Determine whether each of the following relations are reflexive, symmetric and transitive:

(i) Relation R in the set. A $= \{1, 2, 3, ………, 13, 14\}$ defined as $R = \{ (x,\;y):3x - y = 0\}$

(i) A $= \{1, 2, 3, 4, 5, 6, \cdots., 13, 14 \}$ is the given set
R $= \{(x, y) : 3x-y$ = $0\} \Rightarrow$ R $= \{(1, 3), (2, 6) (3, 9), (4, 12)\}$

Reflexive

Let $x \in A$ be any element.

Since, $(x,\;x) \notin R\;\;\;\;\therefore \;\;R\;\;\;is\;\;not\;\;reflexive$

Symmetric

$x,\;y \in A,\;\;(x,\;y) \in R\;\;but\;\;(y,\;x) \notin R$

Therefore, $R$ is not symmetric.

Transitive

$x,\;y,\;z \in A\;\; \Rightarrow (x,\;y) \in R\;\;and\;\;(y,\;z) \in R\; \Rightarrow (x,\;z) \in R$

For example : (1, 3)$\in$R and (3, 9)$\in$R but (1, 9) $\notin R$ ,therefore, R is not transitive.

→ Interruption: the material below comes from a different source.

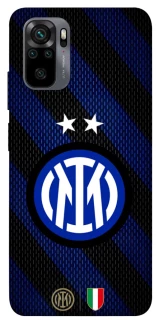 Чехол на Xiaomi Redmi Note 10 / Note 10s FC Inter v2 фото 1 из 1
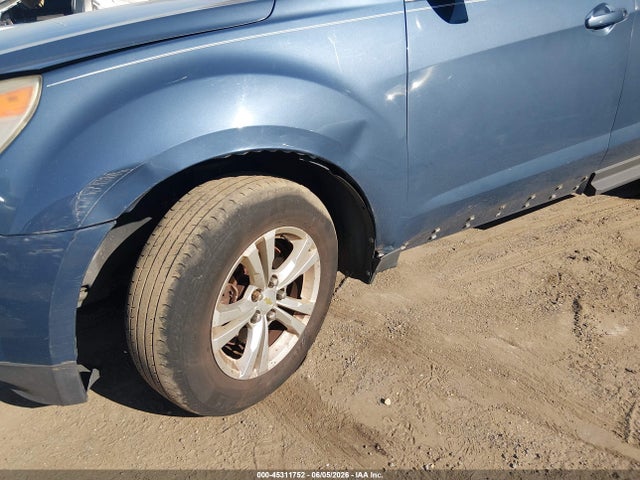 Продаж на аукціоні авто 2011 Chevrolet Equinox 1lt, vin: 2CNALDEC5B6202599, номер лоту: 45311752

Hence, R is neither reflexive, nor symmetric and nor transitive.

(ii) Relation R in the set N of natural numbers defined as $R = \{ (x,\;y):y = x + 5\;\;and\;\;x < 4\}$

(ii) N is the set of natural numbers

R $= \{(x, y) : y$ = $x + 5$ and $x < 4\}$ is the set of natural numbers.

$R = \{ (1,\;6)(2,\;7),\;(3,\;8)\}$

Reflexive

Let $x \in N$ be any element.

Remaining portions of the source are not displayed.